New hotel law to aid police investigations

SOLANA BEACH — Attempting to help the Sheriff’s Department in its crime-fighting efforts, council members voted 4-1 at the June 12 meeting to approve an ordinance requiring hotel and motel operators to standardize information collected from guests at registration. 

In 2009 a sheriff’s unit uncovered a teenage sex trafficking ring operating out of a local San Diego County hotel.

During the investigation, deputies had difficulty getting information from hotels because there was no comprehensive, uniform record-keeping system and staff was uncertain about releasing the information, according to the staff report.

The Sheriff’s Department is asking each jurisdiction it contracts with to adopt a transient lodging facilities ordinance.

Under the proposed new law, hotel and motel operators must obtain the name and address of all registering guests, the names of anyone staying with them, the arrival date and time and the assigned room number.

A copy of the guest’s picture identification, the type, make, color and license plate number of the vehicle and the date and time of departure will also be required.

All information must be made available to law enforcement officers on request.

Other provisions include not renting the same room to another guest within an eight-hour period and contacting law enforcement if a room is rented to or occupied by a minor not accompanied by a parent or guardian.

Information must be saved for three years. Existing businesses will be notified by mail about the new law, slated to take effect at the end of July.
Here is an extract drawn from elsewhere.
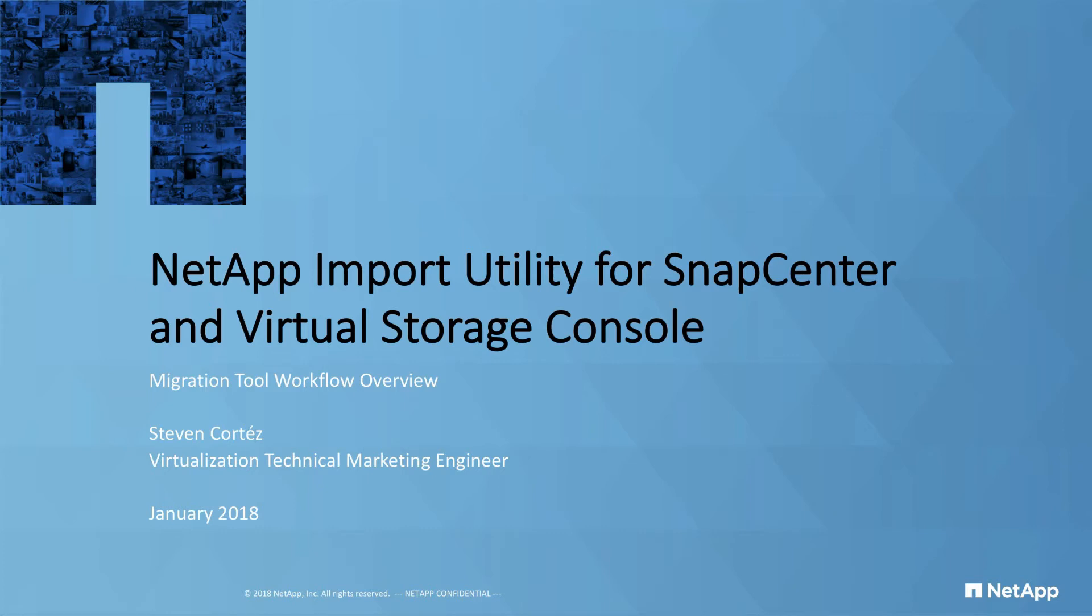Hello, my name is Steven Cortez, Virtualization Technical Marketing Engineer here at NetApp. Today we'll be talking about NetApp's import utility for SnapCenter and Virtual Storage Console.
New businesses will be notified when obtaining a business license.

Peter Zahn, who voted against the ordinance, said hotel operators should have been directly notified about the proposed ordinance.

“It seems that there is some overreaching here,” Zahn, a business attorney, said. “I’m concerned about adopting it without having (hotel operator) input.”

He also wanted to know if the requirements in the law are typical of the current registration process and whether hotels generally retain that type of personal information once a guest checks out.

“If it’s not typical, that’s a concern and I just have a general overall concern about privacy,” Zahn added.

“It allows us to review the names of people that checked into hotels,” Capt. Robert Haley said. “We don’t go in there to hassle people in hotels. If we see a crime trend we go in there and review the names.”

For example, he said, if there is a series of vehicle break-ins in a particular area, law enforcement will run the names of guests who stayed in surrounding hotels. He said they may discover the name of a parolee with a history of committing similar crimes.

“That’s somebody we’re going to talk to,” he said. “It’s been very effective for us.”

“This type of regulation has been upheld by the courts,” City Attorney Johanna Canlas said. “It’s been tested. We’re not going to be breaking new grounds on this.”

Solana Beach will be the fifth city in the county to adopt such an ordinance and the third of the nine cities contracted with the Sheriff’s Department.